■ What is being asked:
Write the records out exactly as shown. No pictures.

■ ■ ■ ■ ■ ■ ■

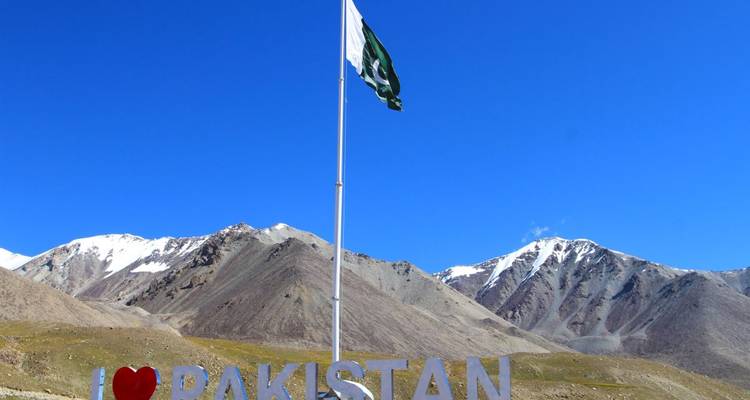 Bergige Landschaft mit einem hohen Fahnenmast und pakistanischer Flagge.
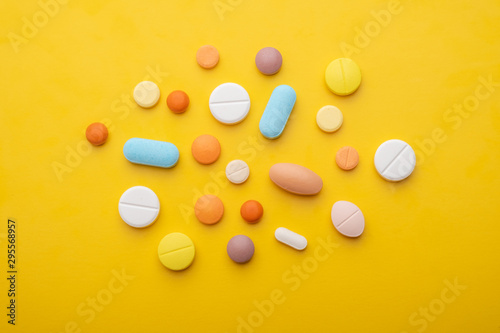 Top view colorful medical pills on yellow background.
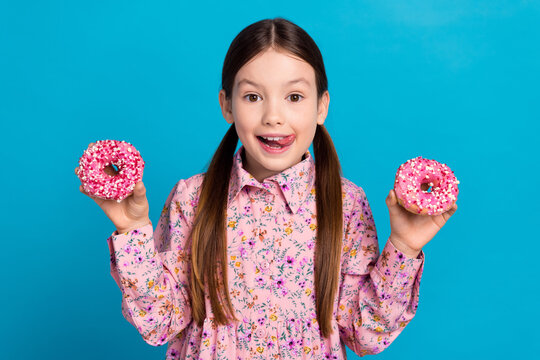 Photo portrait of cute little girl hold two dougnuts lick lips dressed stylish pink flower print clothes isolated on blue color background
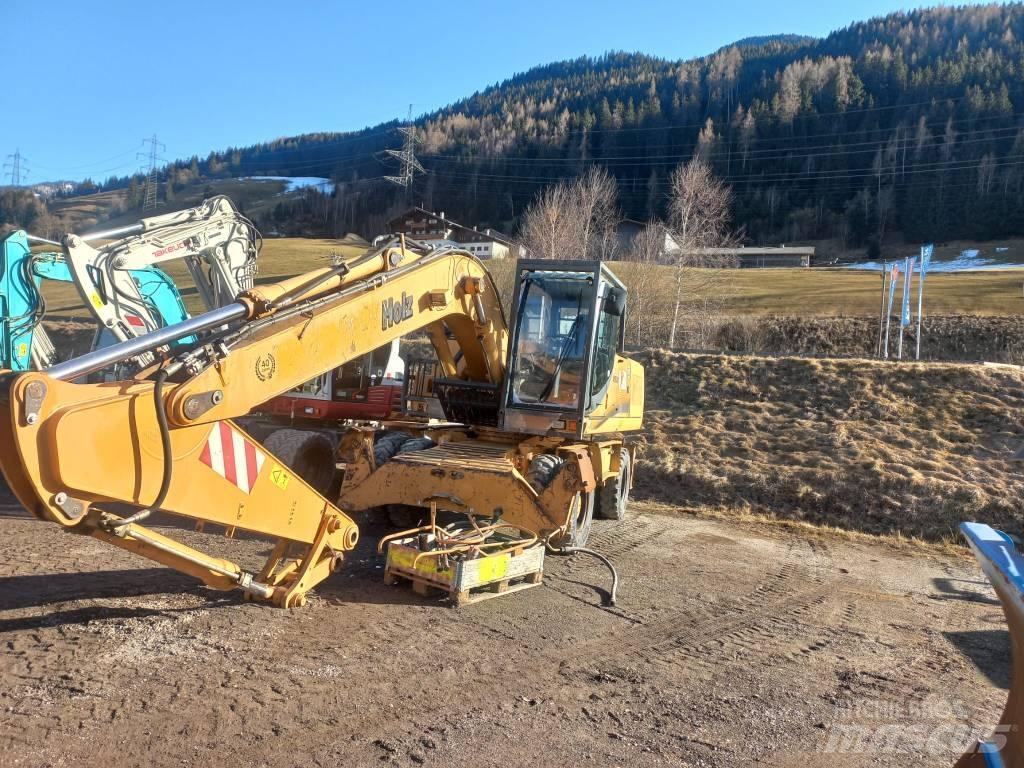 CASE 210WX Wielgraafmachines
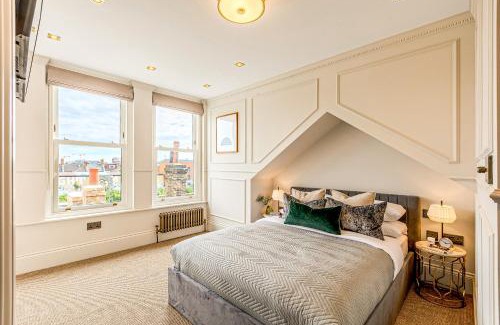 Queen's Park Apartamento | Astounding 4BR Haven with garden Queens Park Tube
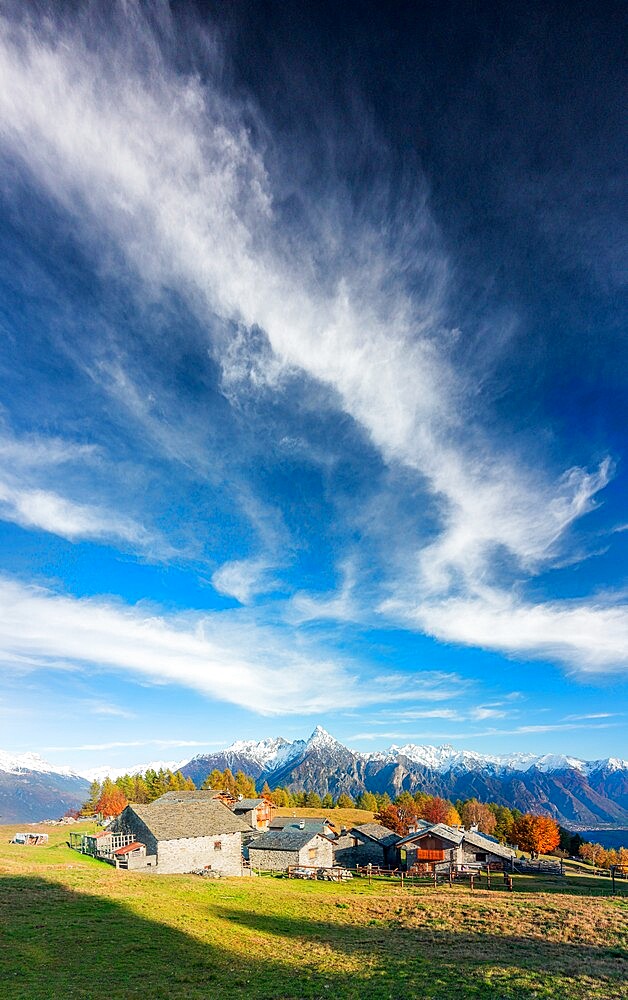 Amazing clouds above the traditional mountain village, Valchiavenna, Lombardy, Italy, Europe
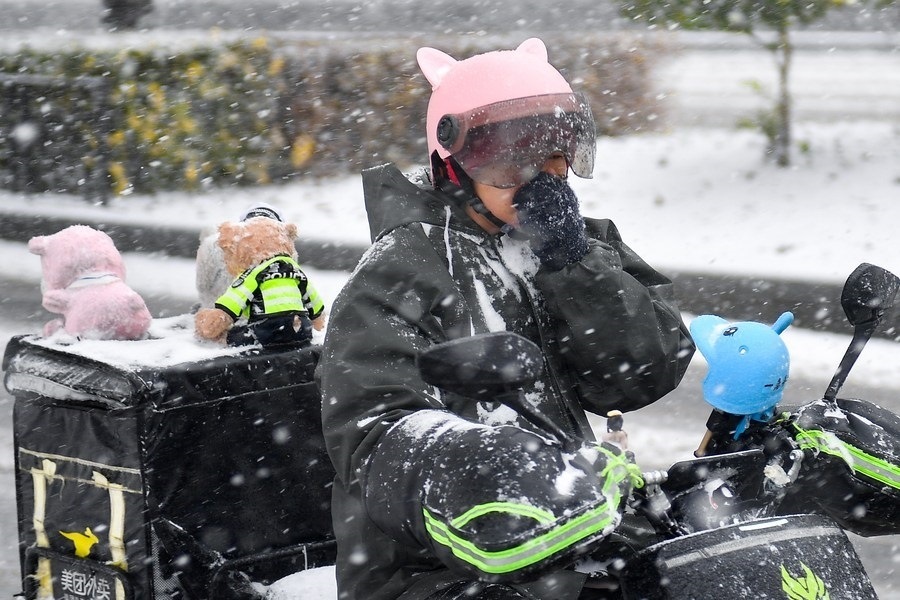 11月6日，在長春市街頭，一名外賣員在雪中騎行。新華社記者 許暢 攝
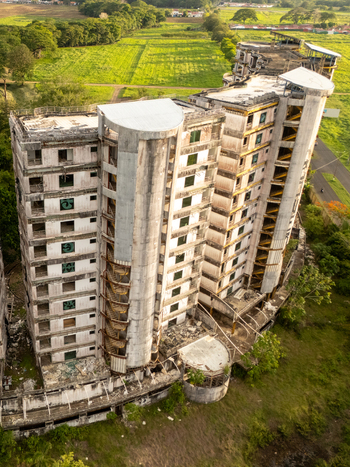 Aerial view of the abandoned Sonesta One Resort building with concrete walls and graffiti surrounded by green fields in Jaco Provincia de Puntarenas Costa Rica. Aerial view of the abandoned Sonesta One Resort building with concrete walls and graffiti surrounded by green fields in Jaco Provincia de Puntarenas Costa Rica.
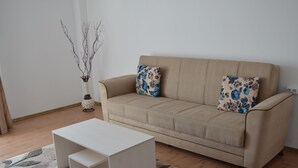 A beige sofa with floral cushions, a white side table, and a vase with branches. - Alexys Residence 4 (Iasi)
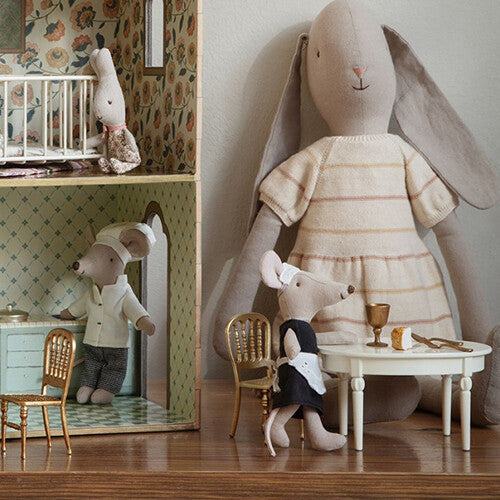 Twee Maileg muizenfiguren zitten aan een beige ovale poppenhuis eettafel.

■ ■ ■ ■ ■ ■ ■

■ Exercise result:
 Bergige Landschaft mit einem hohen Fahnenmast und pakistanischer Flagge.
 Top view colorful medical pills on yellow background.
 Photo portrait of cute little girl hold two dougnuts lick lips dressed stylish pink flower print clothes isolated on blue color background
 CASE 210WX Wielgraafmachines
 Queen's Park Apartamento | Astounding 4BR Haven with garden Queens Park Tube
 Amazing clouds above the traditional mountain village, Valchiavenna, Lombardy, Italy, Europe
 11月6日，在長春市街頭，一名外賣員在雪中騎行。新華社記者 許暢 攝
 Aerial view of the abandoned Sonesta One Resort building with concrete walls and graffiti surrounded by green fields in Jaco Provincia de Puntarenas Costa Rica. Aerial view of the abandoned Sonesta One Resort building with concrete walls and graffiti surrounded by green fields in Jaco Provincia de Puntarenas Costa Rica.
 A beige sofa with floral cushions, a white side table, and a vase with branches. - Alexys Residence 4 (Iasi)
 Twee Maileg muizenfiguren zitten aan een beige ovale poppenhuis eettafel.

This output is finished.